- [THE TASK] Every entry below should be returned exactly as it appears, with pictures left out.

Dataset entries:
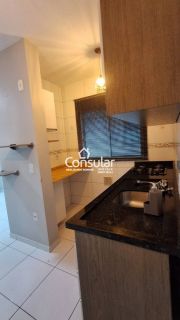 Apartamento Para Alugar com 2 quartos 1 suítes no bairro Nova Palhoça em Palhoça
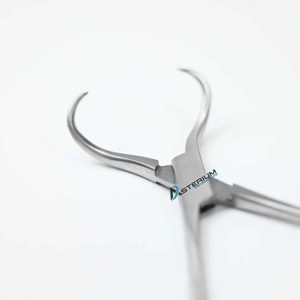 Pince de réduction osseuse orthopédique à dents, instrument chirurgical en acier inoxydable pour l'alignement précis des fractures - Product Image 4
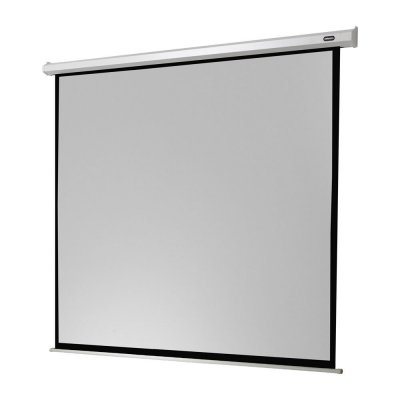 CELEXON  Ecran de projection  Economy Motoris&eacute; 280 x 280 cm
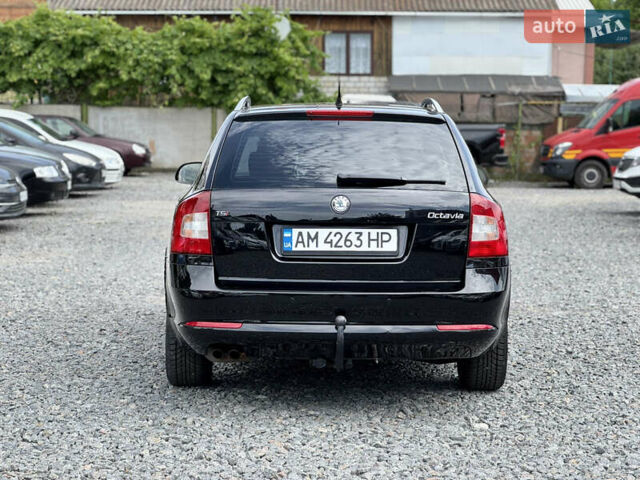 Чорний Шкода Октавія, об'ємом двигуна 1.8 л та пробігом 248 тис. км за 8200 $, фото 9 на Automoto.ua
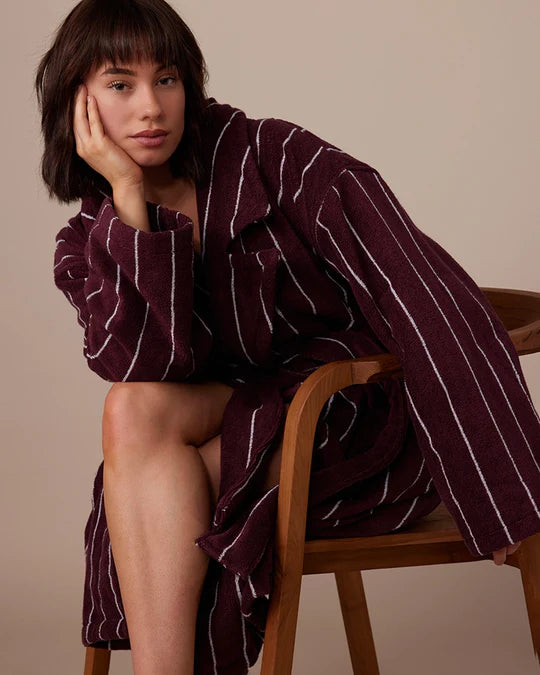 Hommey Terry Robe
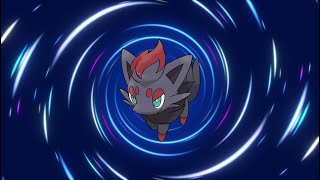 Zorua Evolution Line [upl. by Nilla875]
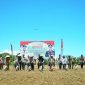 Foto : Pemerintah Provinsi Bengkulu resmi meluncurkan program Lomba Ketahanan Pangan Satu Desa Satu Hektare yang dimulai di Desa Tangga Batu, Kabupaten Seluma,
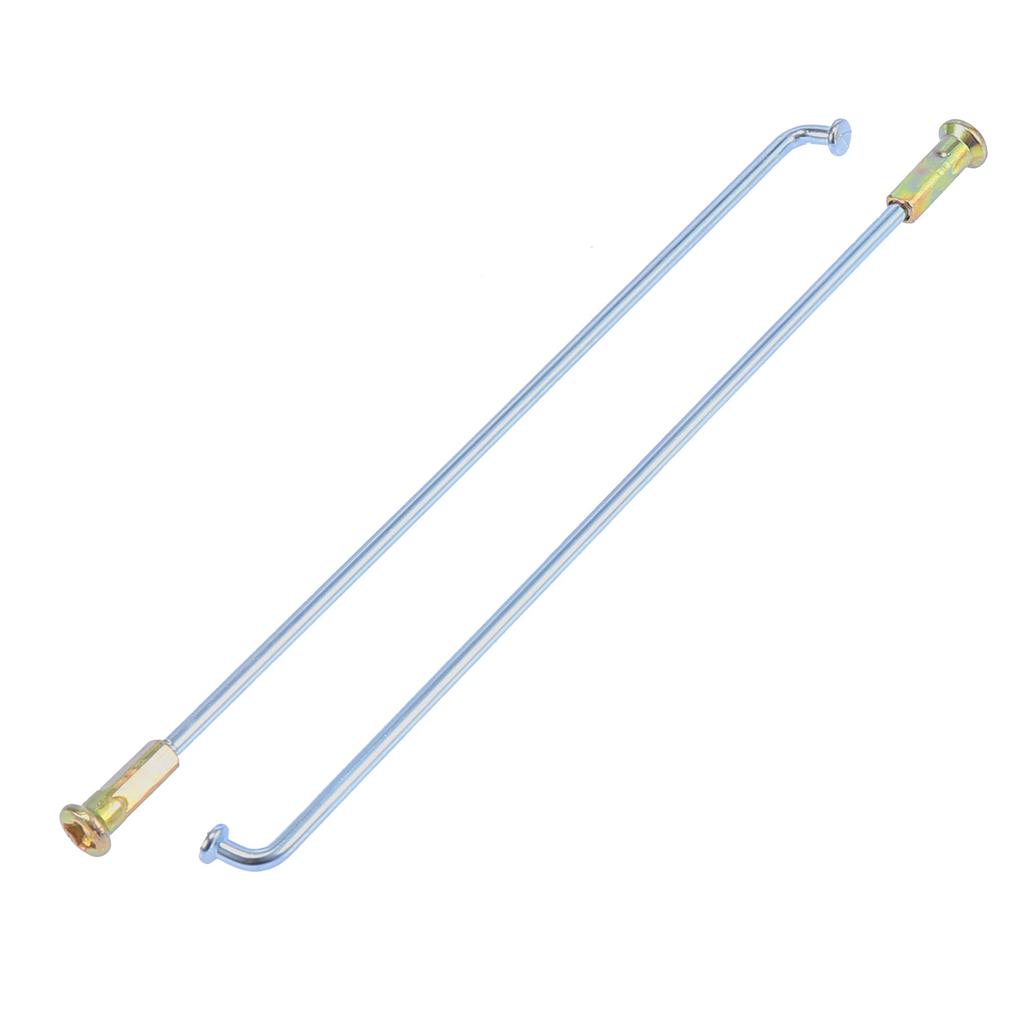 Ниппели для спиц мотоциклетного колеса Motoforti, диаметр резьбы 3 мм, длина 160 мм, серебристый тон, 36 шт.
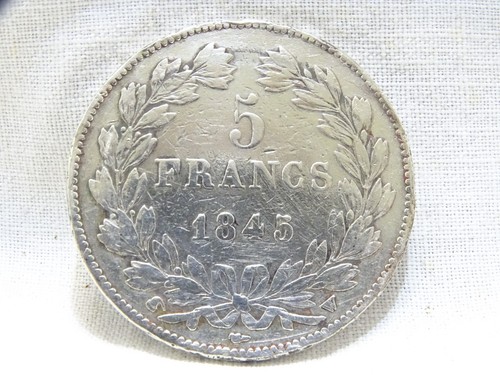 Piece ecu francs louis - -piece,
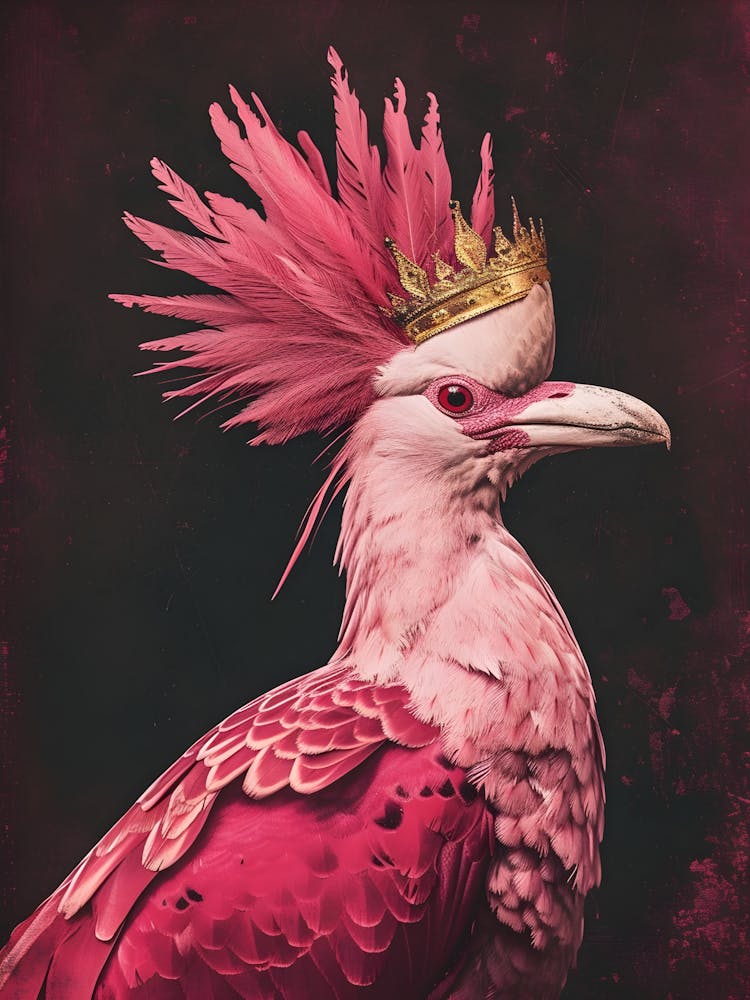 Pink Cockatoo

- [ANSWER BELOW]
 Apartamento Para Alugar com 2 quartos 1 suítes no bairro Nova Palhoça em Palhoça
 Pince de réduction osseuse orthopédique à dents, instrument chirurgical en acier inoxydable pour l'alignement précis des fractures - Product Image 4
 CELEXON  Ecran de projection  Economy Motoris&eacute; 280 x 280 cm
 Чорний Шкода Октавія, об'ємом двигуна 1.8 л та пробігом 248 тис. км за 8200 $, фото 9 на Automoto.ua
 Hommey Terry Robe
 Zorua Evolution Line [upl. by Nilla875]
 Foto : Pemerintah Provinsi Bengkulu resmi meluncurkan program Lomba Ketahanan Pangan Satu Desa Satu Hektare yang dimulai di Desa Tangga Batu, Kabupaten Seluma,
 Ниппели для спиц мотоциклетного колеса Motoforti, диаметр резьбы 3 мм, длина 160 мм, серебристый тон, 36 шт.
 Piece ecu francs louis - -piece,
 Pink Cockatoo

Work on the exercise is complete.